I do a fair amount of billable hour work in my practice. Over the years, I’ve developed a fairly simple but flexible spreadsheet for tracking my billable time. For our firm, this represents the ideal solution at present. I have taken a liking to a few different Mac billing apps out there (like Billings, Involer, Invoice, GrandTotal, and iRatchet) but each of them falls short in one way or another for our purposes. I would encourage you to give them a try, however, as your needs might be different than ours.

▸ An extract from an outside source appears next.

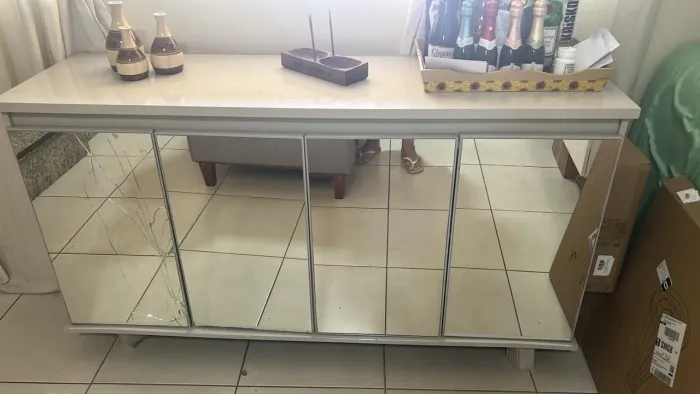 Buffet espelhado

Early on, I would write my time down here and there, and at the end of the month, I would be gathering my snippets of billing information from all over my office and my computer – even going back over my recent emails and documents to forensically reconstruct my billable time for the month. As you can imagine, you lose a fair amount of billable time that way – both for time it takes to recreate the month, and for the work that ultimately never gets billed for because it was missed in the reconstruction.
Obviously, I needed to find a system for capturing my time contemporaneously with the work I was billing for. For a while, my solution was to keep a legal pad next to my computer and jot down my work as I was doing it. That’s not a terrible solution, but it left me at the end of the month with a good bit of work still to do. I would go over the pages of chicken scratch (yes, surprise, my handwriting is horrific), and try to give a client-by-client report to our secretary who creates and sends out our billing invoices.
Eventually, I realized that by using a spreadsheet, I could capture my time as I do the work, and, at the end of the month, we can manipulate the data in any way we want. Specifically, the data can be arranged by client or matter to give our billing secretary easy access to copy and paste the relevant information.
As most firms do, our firm bills by the tenth of an hour.
It is easy to type in the start time and end time for your tasks in the spreadsheet. The hard(er) part is to do math with the time, convert it to tenths and round it up to the next tenth. Of course, this can be done manually, which is how I used to do it, but the with power of Numbers and Excel, it can easily be done automatically – if you know the right formulas.
First, you need to make sure your start and end time columns are set to the Date and Time format. The next step is intuitive enough: subtract the start time from the end time. If that is all you do, however, your result will be something like “0.0″ because the spreadsheet doesn’t fully understand what you’re up to. Multiplying the whole answer by 24 will give you a decimal representation of the time. But, you’re not done yet. At this point, you may get an answer like 0.717. You could just set the decimal places to 1 in the cell format settings, but that would round to the nearest tenth, rather than rounding up. The solution is to add the ROUNDUP operator to the beginning of the formula. To tell the spreadsheet what decimal place to round up to, add a “,1″ to the end of the formula.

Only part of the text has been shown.